A scrumptious 20-minute dinner, this easy Bang Bang Chicken (with a mayo-free sauce!) is a family-favourite. The recipe comes together with simple ingredients but offers big, bold flavour in every bite!

I first came across Bang Bang Chicken in my Ballymaloe Cookery Book — what a fun name! The word actually comes from the Chinese “bàng,” meaning stick, which refers to the baton traditionally used to tenderise the meat.
Western versions of Bang Bang Chicken often use a breaded coating and deep frying, but this recipe is a much simpler (and healthier) version. The chicken is tossed in a spice mix and pan-fried in just a little oil until golden and juicy.
All three of my boys absolutely love this dish. I love it too, because it’s colourful, balanced, and quick — with fresh cabbage and carrot on the plate for crunch and brightness. Even if the veggies get ignored, the bowl still looks vibrant and healthy!
I usually start by cooking the rice. While that bubbles away, I chop the cabbage, grate the carrots, and stir the sauce ingredients together. Then it’s just a matter of prepping the chicken — cut into cubes, coat in spices, and fry. Done! It’s such a great weeknight meal: light and healthy but still full of those sweet, tangy, and savoury flavours.
My version of the sauce uses sour cream and yoghurt instead of mayonnaise, which makes it taste lighter while still being creamy and delicious.

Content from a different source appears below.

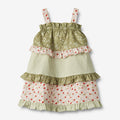 Wheat Main Dress Leah Dress 4146 green mix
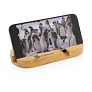  Bamboo tablet and phone holder - XD Collection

Why You’ll Love This Recipe!!
- Quick and easy (20 minutes!)
- Healthier than takeout versions
- Kid-approved, family-friendly
- Simple pantry ingredients
- Fresh, crunchy veggies + protein in one bowl

Ingredient Notes & Substitutions
- Chicken: can use thighs instead of breasts.
- Veggies: swap in cucumber, peppers, or lettuce if you don’t have cabbage/carrots.
- Sauce: If you don’t have yoghurt + sour cream you can use mayonnaise instead.
- Spring onions: You can always use chopped coriander instead

How to Make Bang Bang Chicken and Sauce (summary):
- Cook rice according to package instructions.
- Prep veggies: chop cabbage and grate carrots.
- Cube chicken and coat in the spice, soy, lime, and sugar mixture.
- Fry chicken in batches until golden and cooked through.
- Serve over rice with veggies.
- Drizzle with Bang Bang sauce, add spring onions and cracked black pepper.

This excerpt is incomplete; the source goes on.